Citation Numbers: 16 N.W.2d 696, 310 Mich. 145, 1944 Mich. LEXIS 400
Judges: Bowles, Starr, Butzel, Sharpe, Reid, North, Bushnell, Wiest, Boyles
Filed Date: 11/30/1944
Status: Precedential
Modified Date: 10/19/2024
Mr. Justice WIEST has written for reversal and a new trial. I concur in that result but on the sole ground that prejudicial error resulted from the admission of testimony which I think was clearly intended to disclose to the jury that plaintiff (or his wife) possessed substantial financial means. This testimony was prejudicial, pertained to collateral matters, and was not competent as bearing upon the issue of whether plaintiff was engaged in a gainful occupation or capable of being so engaged.

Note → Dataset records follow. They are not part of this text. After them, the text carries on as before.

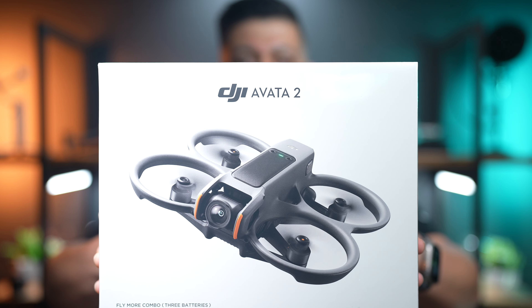Hey everyone, today I'm bringing you something a little bit different. I'll be unboxing the new DJI Avata 2. It's DJI's third FPV drone and the second one in the Avata series. So let's get right into it.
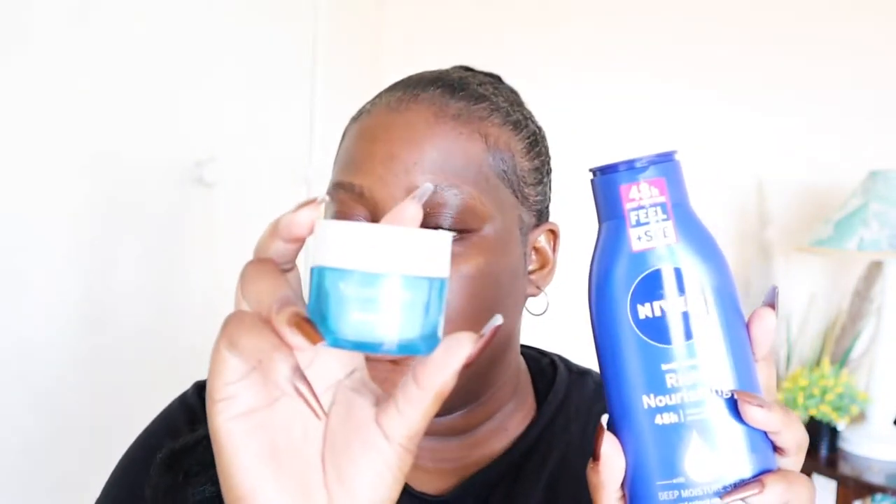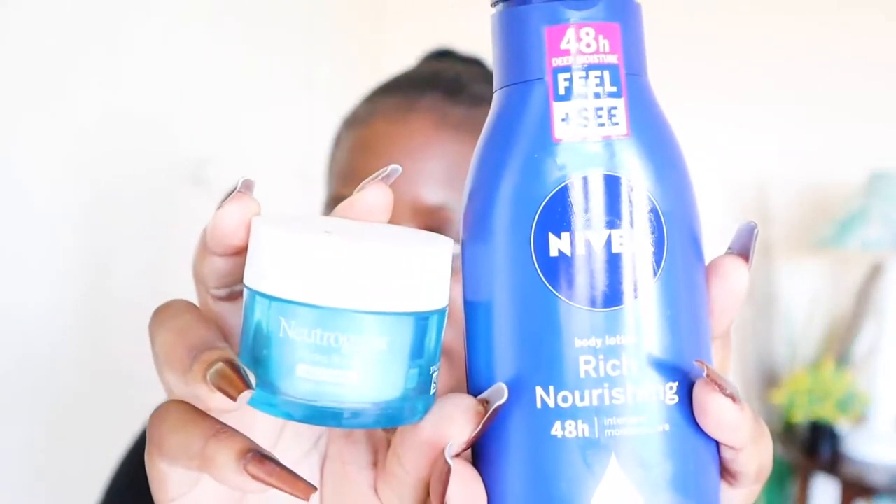When I say you need to prep your skin, this is what I need you to do: first, you need to moisturize. Yes, after you take your shower you moisturize, but you can't bank on that moisturizer from earlier. I go in with two moisturizers — my Nivea Rich Nourishing Body Lotion and the Neutrogena Hydro Boost Gel Cream.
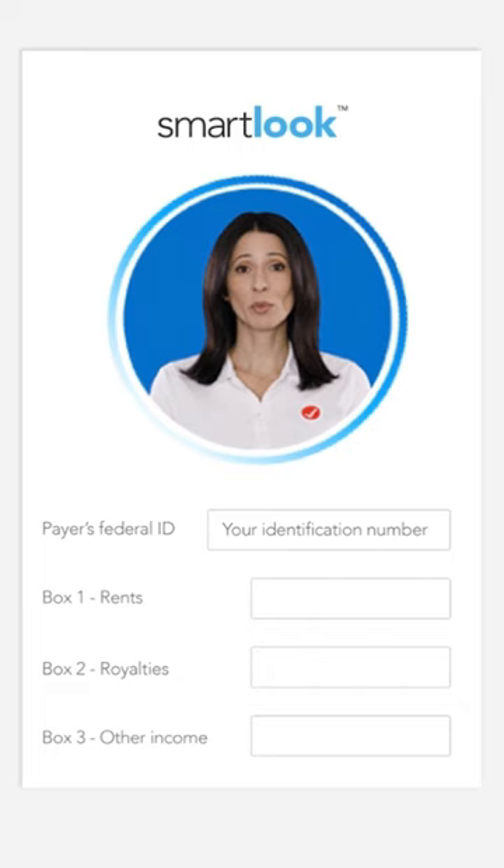Plus, you can connect with an expert live on screen to get answers when you need them. Start for free, pay when you file.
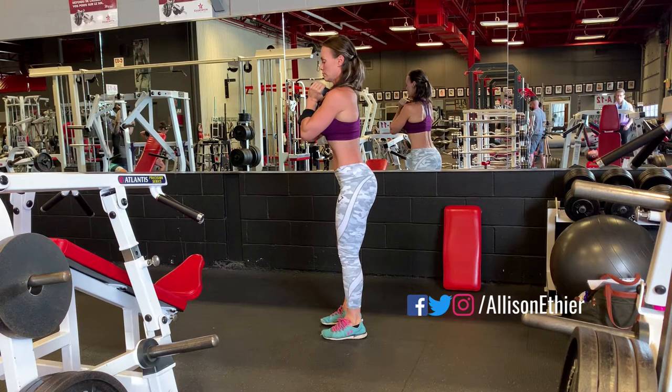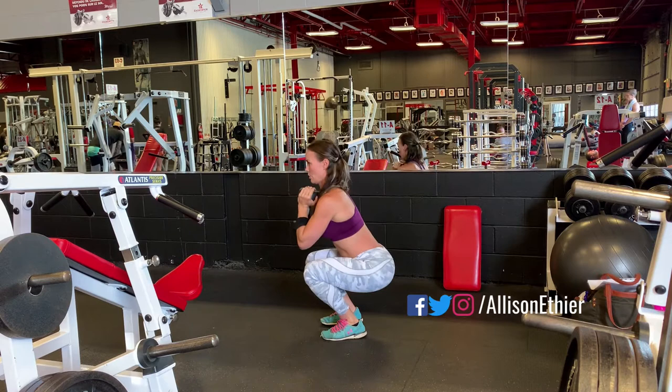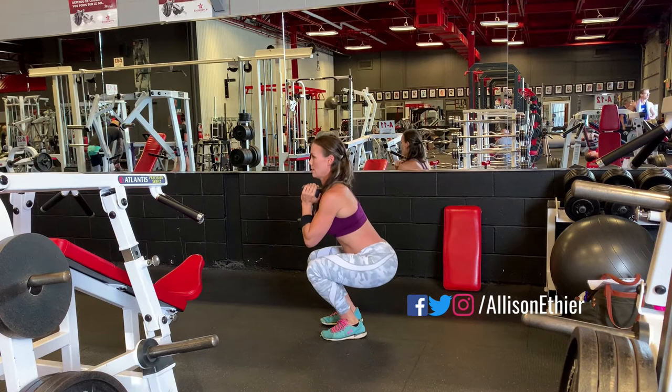For this exercise, we're going to take more of a narrow stance — whatever is most comfortable for you — then go ahead and squat down keeping our back flat, our chest proud, and a little bit of a booty pop in order to push our butt back like we're sitting in a chair. Complete for your target number of reps, and always make it harder by adding more reps or adding more weight.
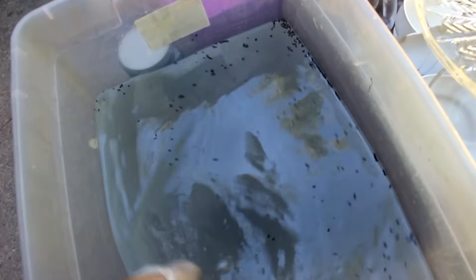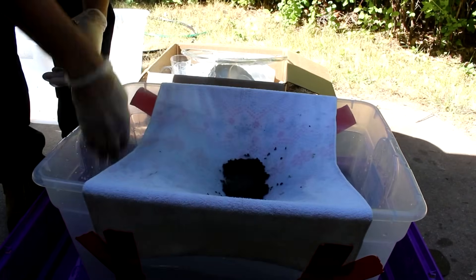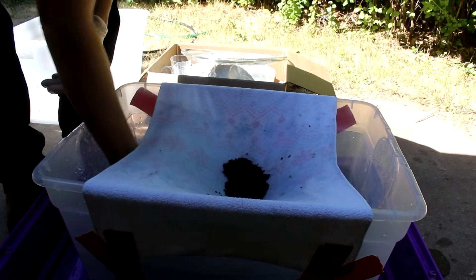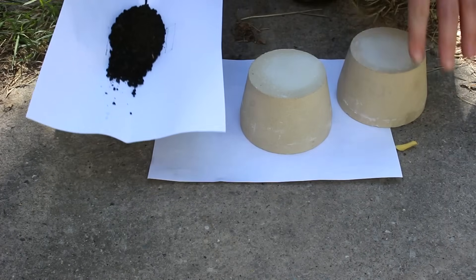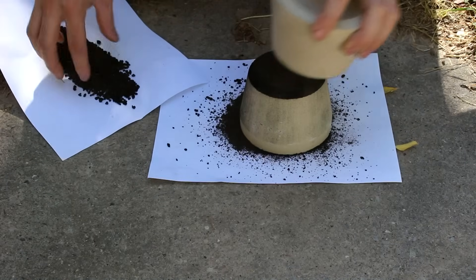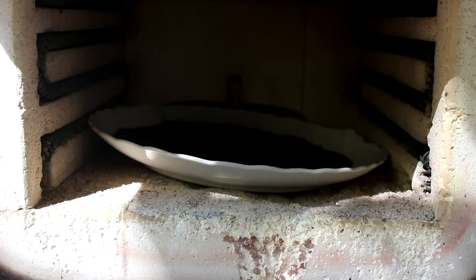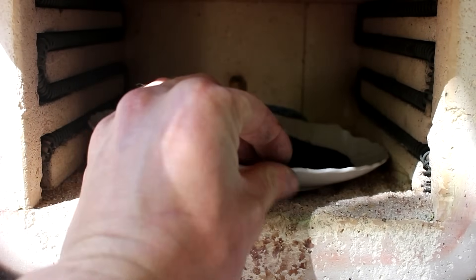I'm actually going to give this a stir every now and then, and let it absorb onto the carbon for a little bit longer. There's quite a bit of carbon down at the bottom — probably way more carbon than I needed, but I wanted to make sure I got all the gold. Before burning the charcoal to ash I'm actually going to grind it up into a fine powder so it'll burn quicker. So I'm just going to put the crushed carbon into the furnace on top of a plate — just like that. Now let it get red hot for several hours to burn away the carbon. We'll see what happens.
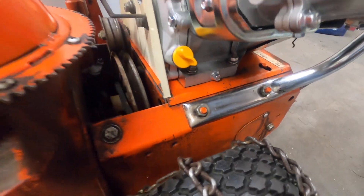Horrible place for the drain plug. Next up you're going to see the first start, and yes, it does have oil in it.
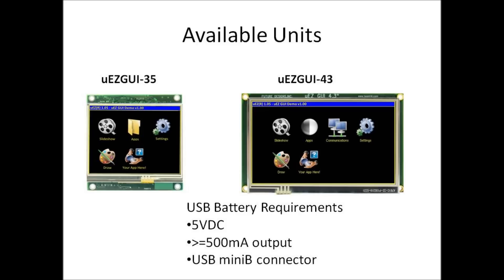There are currently two sizes of Muse GUIs available that will run off of a standard USB battery: the Muse GUI 3.5 and the Muse GUI 4.3. A compatible USB battery should meet these three minimum requirements: first, be 5-volt DC; second, be able to output more than 500 milliamps; and third, have compatibility for a USB Mini-B connector.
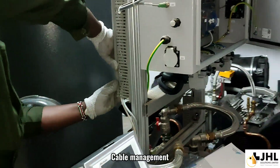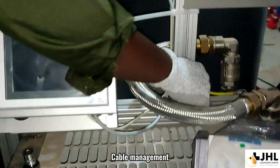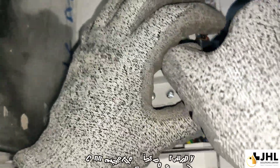Cable management. Securing the unit to the ground and connecting the mains power supply.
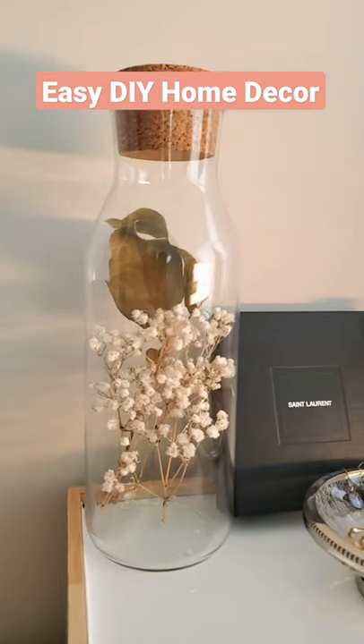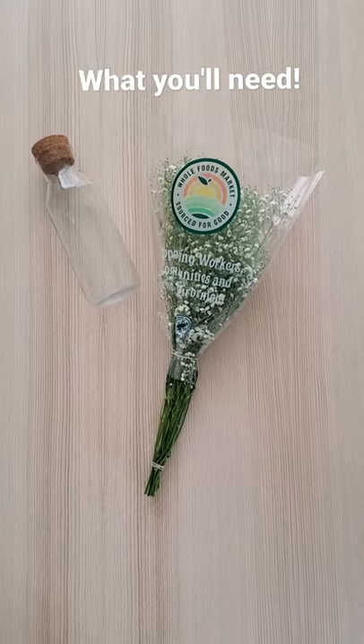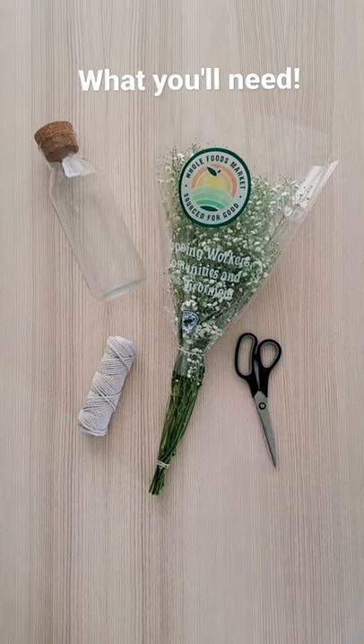Let's make this easy DIY home decor. You will need baby's breath, a wide-rimmed bottle — mine was from Ikea — some string, and scissors.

While Mr. Justice WIEST indicates that such testimony was improper, he does not state that its admission constituted prejudicial error necessitating reversal. This testimony was elicited by defendant's cross-examination of plaintiff and its character is somewhat disclosed by the following portions of such cross-examination:
"Q. Now, what is your present address?
"A. 16189 Wildemere.
"Q. Do you own or rent that home?
"A. I own it."
The foregoing testimony was taken over the objections of plaintiff's counsel; and then again over the objection of plaintiff's counsel the following testimony was taken:
"Q. What was the price of that home?
"A. $6,800." *Page 155
The impropriety of permitting this testimony to go to the jury, as well as some of the other testimony of like character, is emphasized by the fact that the record discloses plaintiff prior to his disability had been an industrious man with substantial earnings, at times over $100 a week. The issue in this case was whether plaintiff was still suffering disability when defendant discontinued payments in April, 1942, and thereafter; but the transaction above referred to occurred about the middle of 1939. There was no showing that money used in this investment was obtained by plaintiff as the result of his earnings during the period of claimed disability.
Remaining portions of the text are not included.